When a quoted price in an active market exists for the identical security, this price is used to determine the fair value and the AFS debt security is classified as Level 1. Level 1 AFS debt securities consist of U.S. Treasury securities. When pricing is unavailable from third-party pricing service providers for certain securities, the Company requests market quotes from various independent external brokers and utilizes the average quoted market prices. In addition, the Company obtains market quotes from other official published sources. As these valuations are based on observable inputs in the current marketplace, they are classified as Level 2.

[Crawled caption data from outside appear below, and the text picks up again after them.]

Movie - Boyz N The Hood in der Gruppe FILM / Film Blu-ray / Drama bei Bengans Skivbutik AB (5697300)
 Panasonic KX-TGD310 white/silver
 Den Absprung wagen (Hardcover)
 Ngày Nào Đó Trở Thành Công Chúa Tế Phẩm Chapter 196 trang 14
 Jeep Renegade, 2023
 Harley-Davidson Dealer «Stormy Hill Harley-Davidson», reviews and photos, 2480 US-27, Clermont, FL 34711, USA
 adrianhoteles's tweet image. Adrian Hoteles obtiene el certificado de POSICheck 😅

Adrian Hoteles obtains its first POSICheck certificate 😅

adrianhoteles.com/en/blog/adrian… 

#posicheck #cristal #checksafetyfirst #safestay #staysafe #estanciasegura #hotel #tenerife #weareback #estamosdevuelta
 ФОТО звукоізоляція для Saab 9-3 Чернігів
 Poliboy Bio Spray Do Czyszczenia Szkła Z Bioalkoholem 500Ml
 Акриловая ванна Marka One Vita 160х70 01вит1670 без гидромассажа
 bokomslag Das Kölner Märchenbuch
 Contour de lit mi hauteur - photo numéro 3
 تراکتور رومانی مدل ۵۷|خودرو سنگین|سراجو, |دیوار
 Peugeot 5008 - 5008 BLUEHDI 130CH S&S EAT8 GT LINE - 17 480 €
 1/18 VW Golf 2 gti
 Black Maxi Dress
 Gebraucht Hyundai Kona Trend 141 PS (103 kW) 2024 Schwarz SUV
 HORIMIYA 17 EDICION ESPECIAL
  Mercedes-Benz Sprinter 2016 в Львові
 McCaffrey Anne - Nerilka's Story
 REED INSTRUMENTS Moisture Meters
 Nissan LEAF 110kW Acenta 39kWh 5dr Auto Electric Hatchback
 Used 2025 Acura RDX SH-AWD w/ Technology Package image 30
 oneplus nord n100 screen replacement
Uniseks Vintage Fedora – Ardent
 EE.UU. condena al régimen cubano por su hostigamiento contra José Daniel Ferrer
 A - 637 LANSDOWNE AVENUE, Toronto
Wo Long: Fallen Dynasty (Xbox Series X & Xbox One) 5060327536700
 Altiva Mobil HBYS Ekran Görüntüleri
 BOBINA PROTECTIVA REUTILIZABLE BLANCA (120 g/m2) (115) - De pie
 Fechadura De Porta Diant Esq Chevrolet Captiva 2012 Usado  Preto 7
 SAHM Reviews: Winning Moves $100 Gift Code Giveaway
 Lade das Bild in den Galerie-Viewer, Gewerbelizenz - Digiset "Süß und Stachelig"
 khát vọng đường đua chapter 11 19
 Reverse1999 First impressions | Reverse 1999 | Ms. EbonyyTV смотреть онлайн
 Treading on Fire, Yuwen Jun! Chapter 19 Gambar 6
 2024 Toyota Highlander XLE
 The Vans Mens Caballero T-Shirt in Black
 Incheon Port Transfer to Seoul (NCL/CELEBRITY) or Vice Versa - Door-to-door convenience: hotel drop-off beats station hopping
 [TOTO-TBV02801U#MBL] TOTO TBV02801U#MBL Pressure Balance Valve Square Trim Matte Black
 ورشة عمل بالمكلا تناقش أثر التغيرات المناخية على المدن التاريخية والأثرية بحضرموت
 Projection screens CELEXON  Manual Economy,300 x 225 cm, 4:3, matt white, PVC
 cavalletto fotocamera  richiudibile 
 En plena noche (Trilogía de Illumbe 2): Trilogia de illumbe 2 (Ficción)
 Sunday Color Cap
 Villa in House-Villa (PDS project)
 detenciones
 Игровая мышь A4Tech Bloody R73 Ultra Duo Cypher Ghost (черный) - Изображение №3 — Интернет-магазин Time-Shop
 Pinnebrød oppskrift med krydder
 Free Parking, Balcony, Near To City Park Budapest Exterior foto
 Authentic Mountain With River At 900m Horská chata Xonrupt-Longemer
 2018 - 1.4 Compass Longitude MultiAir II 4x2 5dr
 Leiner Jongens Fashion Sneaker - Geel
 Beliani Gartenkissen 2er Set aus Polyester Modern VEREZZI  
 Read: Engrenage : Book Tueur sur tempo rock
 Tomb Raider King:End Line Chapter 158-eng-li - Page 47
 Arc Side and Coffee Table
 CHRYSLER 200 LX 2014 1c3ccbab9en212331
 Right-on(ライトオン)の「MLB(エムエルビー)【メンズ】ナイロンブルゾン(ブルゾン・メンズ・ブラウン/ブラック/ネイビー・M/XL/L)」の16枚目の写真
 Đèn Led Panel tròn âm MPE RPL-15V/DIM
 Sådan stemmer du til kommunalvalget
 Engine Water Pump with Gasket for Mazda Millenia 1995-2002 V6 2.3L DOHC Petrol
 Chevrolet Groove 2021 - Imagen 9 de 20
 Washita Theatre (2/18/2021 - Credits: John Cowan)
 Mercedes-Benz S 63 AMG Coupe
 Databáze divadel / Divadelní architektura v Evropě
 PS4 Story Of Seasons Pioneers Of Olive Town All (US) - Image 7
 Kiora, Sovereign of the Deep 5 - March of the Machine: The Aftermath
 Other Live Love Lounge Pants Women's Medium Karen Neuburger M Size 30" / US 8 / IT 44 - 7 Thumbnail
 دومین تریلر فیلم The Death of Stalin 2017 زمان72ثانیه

Equity Securities — Equity securities consist of mutual funds and exchange-traded equity securities. The Company invests in these mutual funds for CRA purposes. The Company uses net asset value (“NAV”) information to determine the fair value of these equity securities. When NAV is available periodically and the equity securities can be redeemed at the publicly available NAV, the fair value of the equity securities is classified as Level 1. When NAV is available periodically, but the equity securities may not be readily marketable at its periodic NAV in the secondary market, the fair value of these equity securities is classified as Level 2. Exchange-traded equity securities are measured based on quoted prices on an active exchange market, and classified as Level 1.
Interest Rate Contracts — Interest rate contracts consist of interest rate swaps and options. The fair value of the interest rate swaps is determined using the market standard methodology of netting the discounted future fixed cash payments (or receipts) and the discounted expected variable cash receipts (or payments). The fair value of the interest rate options, which consist of floors and caps, is determined using the market standard methodology of discounting the future expected cash receipts that will occur if variable interest rates fall below (rise above) the strike rate of the floors (caps). In addition, to comply with the provisions of ASC 820, Fair Value Measurement, the Company incorporates credit valuation adjustments to appropriately reflect both its own and the respective counterparty’s nonperformance risk in the fair value measurements of its derivatives. The credit valuation adjustments associated with the Company’s derivatives utilize model-derived credit spreads, which are Level 3 inputs. Considering the observable nature of all other significant inputs utilized, the Company classifies these derivative instruments as Level 2.
Foreign Exchange Contracts — The fair value of foreign exchange contracts is determined at each reporting period based on changes in the applicable foreign exchange rates. These are over-the-counter contracts where quoted market prices are not readily available. Valuation is measured using conventional valuation methodologies with observable market data. Due to the short-term nature of the majority of these contracts, the counterparties’ credit risks are considered nominal and result in no adjustments to the valuation of the foreign exchange contracts. Due to the observable nature of the inputs used in deriving the fair value of these contracts, the valuation of foreign exchange contracts is classified as Level 2. In addition, the Bank managed its foreign currency exposure in the net investment in its China subsidiary, EWCN, a non-USD functional currency subsidiary, with foreign currency non-deliverable forward contracts. These foreign currency non-deliverable forward contracts were designated as net investment hedges. The fair value of foreign currency non-deliverable forward contracts is determined by comparing the contracted foreign exchange rate to the current market foreign exchange rate. Key inputs of the current market exchange rate include the spot and forward rates of the contractual currencies. Foreign exchange forward curves are used to determine which forward rate pertains to a specific maturity. Due to the observable nature of the inputs used in deriving the estimated fair value, these instruments are classified as Level 2.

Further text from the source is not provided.